目を覚ました男の胸の上に乗っている一匹の猫。その猫が語り始めたのは、どこかの国の戦争が終わったという話。 猫が人の言葉を話す時点で摩訶不思議なのですが、その話の内容も負けず劣らず摩訶不思議。戦争が終わったと宣言した王は兵士に突然討たれ、誰も乗っていない馬が町の広場に現われ、さら...
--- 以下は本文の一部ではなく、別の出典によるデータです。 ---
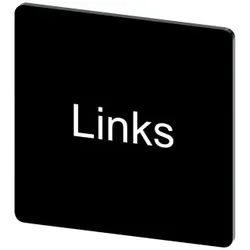 Siemens 3SU19000AE160AJ0 Bezeichnungsschild 27x27mm, Schild schwarz, Beschriftung: Links - 10 Stück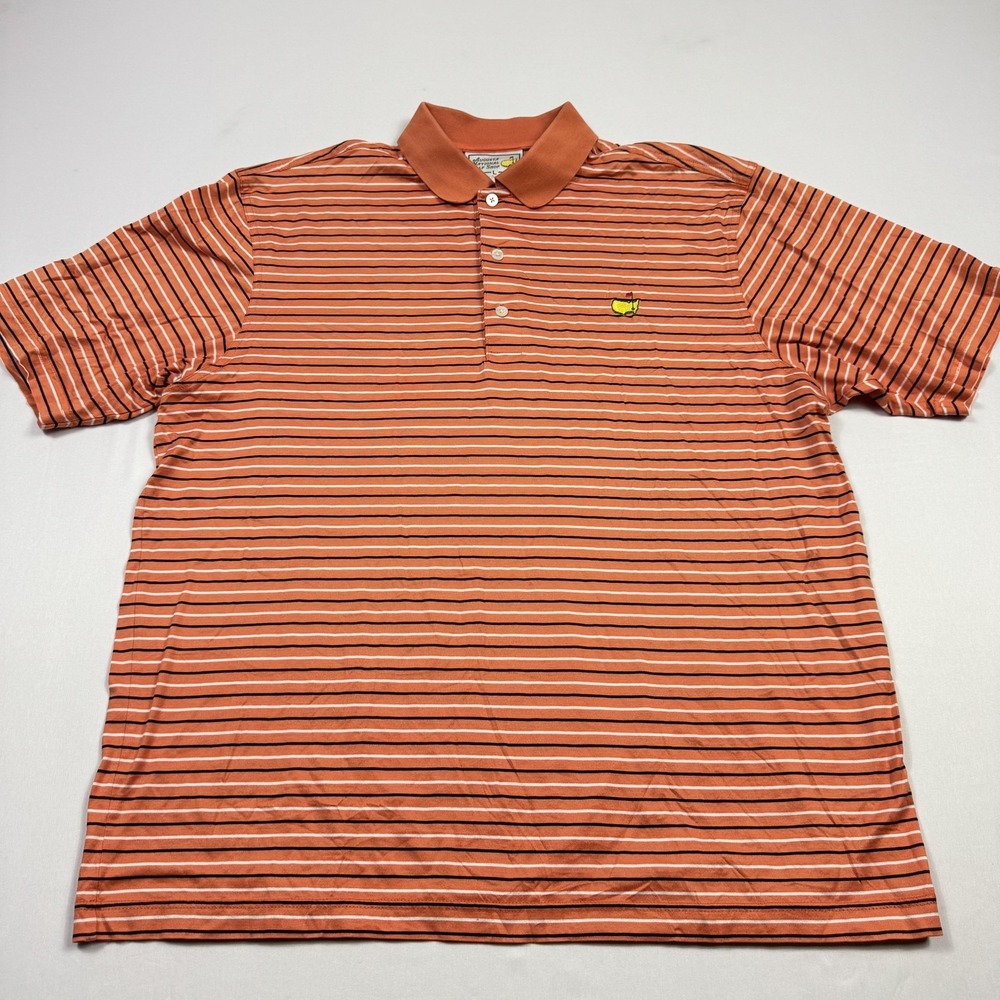 Masters Augusta National Golf Shop Polo Shirt Mens Large Orange Striped - Picture 2 of 11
目を覚ました男の胸の上に乗っている一匹の猫。その猫が語り始めたのは、どこかの国の戦争が終わったという話。 猫が人の言葉を話す時点で摩訶不思議なのですが、その話の内容も負けず劣らず摩訶不思議。戦争が終わったと宣言した王は兵士に突然討たれ、誰も乗っていない馬が町の広場に現われ、さらにこの世界には、クーパーという謎の怪物がいて、その怪物との戦いに向かった兵士は”透明”になってしまうという。 さらに語り手の猫は、鼠に捕まってしまい、そこでもまたおかしな話を聞かされて…… この話はファンタジーなのか、と思いつつも、この猫の話を聞く男が、役所の職員で浮気された直後で、さらには株取引が趣味という、ファンタジー感の欠片もない設定。読んでいる間、この話はどこに向かっていくのか、と探り探り読んでいきました。 物語の終盤の種明かしは圧巻の一言! 伏線を張っているのは、薄々感じるところはあったものの、それがどう回収されるのかは見当もつかず。そして、終盤物語の意味が明らかになると伏線はもちろん、世界観の構築、登場人物たちの行動、すべてが一気につながってくるのです。 「木を見て森を見ず」という言い回しはよく使われますが、この作品はまさにそんな感じ。伏線や登場人物たちの行動を描くのに猫の視点はうってつけだな、と感じます。神の視点のようにすべてを提示する必要もなく、一方で人間の思考や行動の制限がはいることもない。 そんな視点を使って部分部分を絶妙に見せつつ、物語の全体像が分かった瞬間に全てがストンと腑に落ちるよう作られています。不可解なものたちが一気に繋がる、まさに伊坂マジックといわざるを得ません。この爽快感はかなりのものでした。 そうした伏線回収や作品に仕掛けられたサプライズもさることながら、この物語の持つ意味もなかなかに考えさせられます。国と国の関係、国家と個人、対外的なものへの恐怖、狭められた視界。いずれも今の世界や、国と自分たちのあり方を考えさせるものであり、寓話的な側面も感じられます。 そして、猫のトムの語り口もユニーク! 友人の猫たちとジャンプ勝負をしたり、尻尾の動きを気にしたり、鼠を追いかける描写なんかは、本当に猫が語っているかのよう。 改めて考えてみるととんでもない物語なのですが、先に書いたようにそれを伊坂マジックが可能にしてしまった、そんな小説だったように思います。伊坂さんの作品を読むのはかなり久しぶりだったのですが、物語も語り口もとてもユニークで、読後感は爽やか。そして巧みに作り上げられた作品に感じました。